* [GIVEN INFORMATION]:
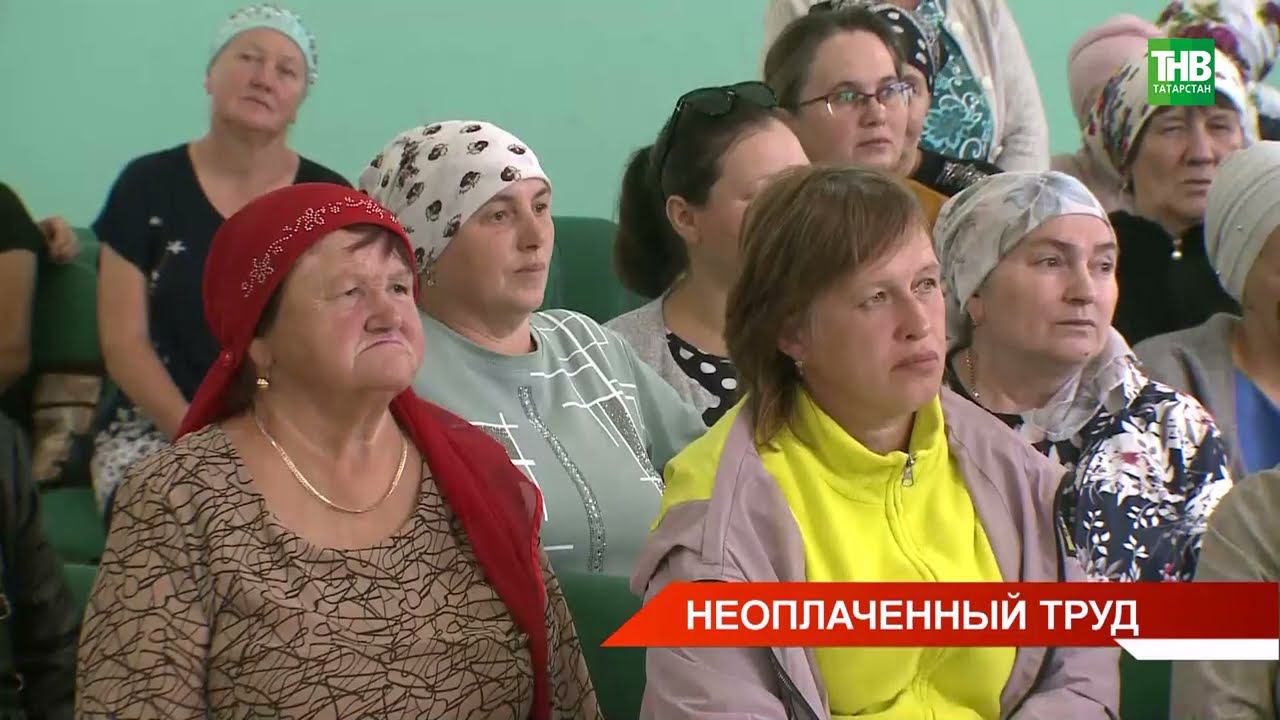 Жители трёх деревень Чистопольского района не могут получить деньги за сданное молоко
--
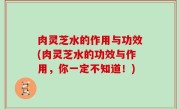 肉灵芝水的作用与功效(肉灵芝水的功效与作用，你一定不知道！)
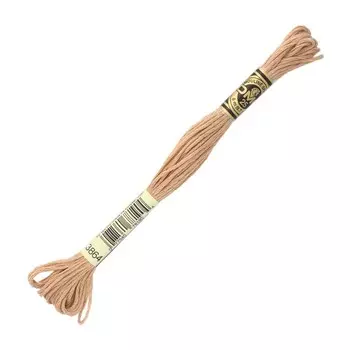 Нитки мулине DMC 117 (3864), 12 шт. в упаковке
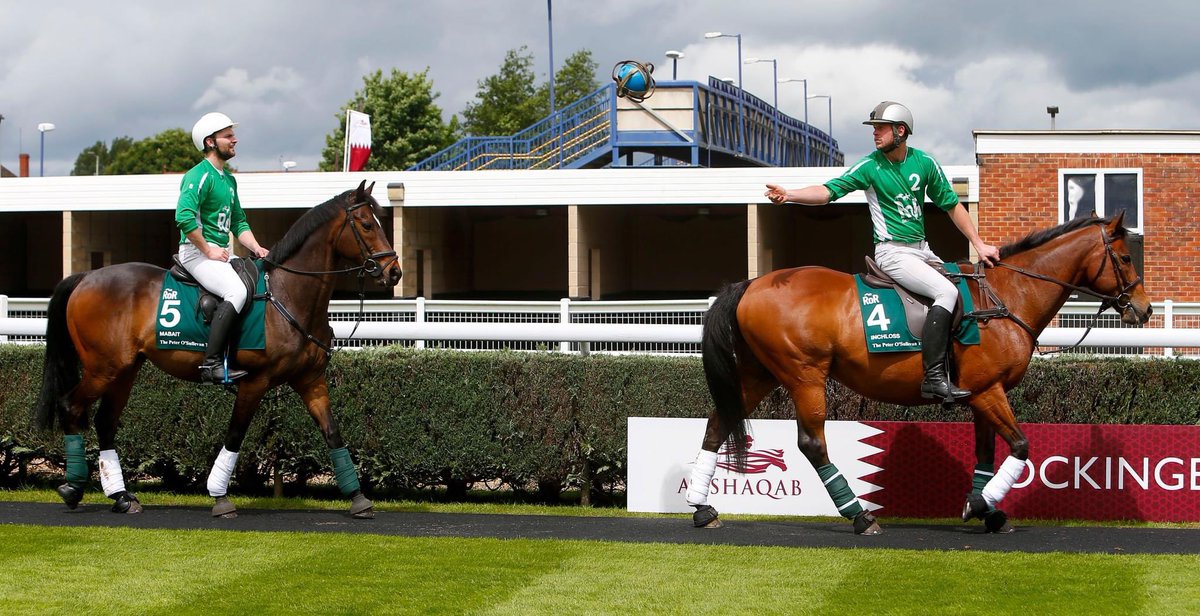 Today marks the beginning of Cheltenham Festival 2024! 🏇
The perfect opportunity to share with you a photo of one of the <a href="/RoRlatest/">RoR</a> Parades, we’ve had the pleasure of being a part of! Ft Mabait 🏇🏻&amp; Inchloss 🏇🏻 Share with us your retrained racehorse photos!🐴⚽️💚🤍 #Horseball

* [INSTRUCTIONS FOR THE TASK]: In the data above, retype only the stretch from the line with "Нитки мулине DMC" through the line with "The perfect opportunity", word for word, and skip any pictures.

* [RESULT]:
 Нитки мулине DMC 117 (3864), 12 шт. в упаковке
 Today marks the beginning of Cheltenham Festival 2024! 🏇
The perfect opportunity to share with you a photo of one of the <a href="/RoRlatest/">RoR</a> Parades, we’ve had the pleasure of being a part of! Ft Mabait 🏇🏻&amp; Inchloss 🏇🏻 Share with us your retrained racehorse photos!🐴⚽️💚🤍 #Horseball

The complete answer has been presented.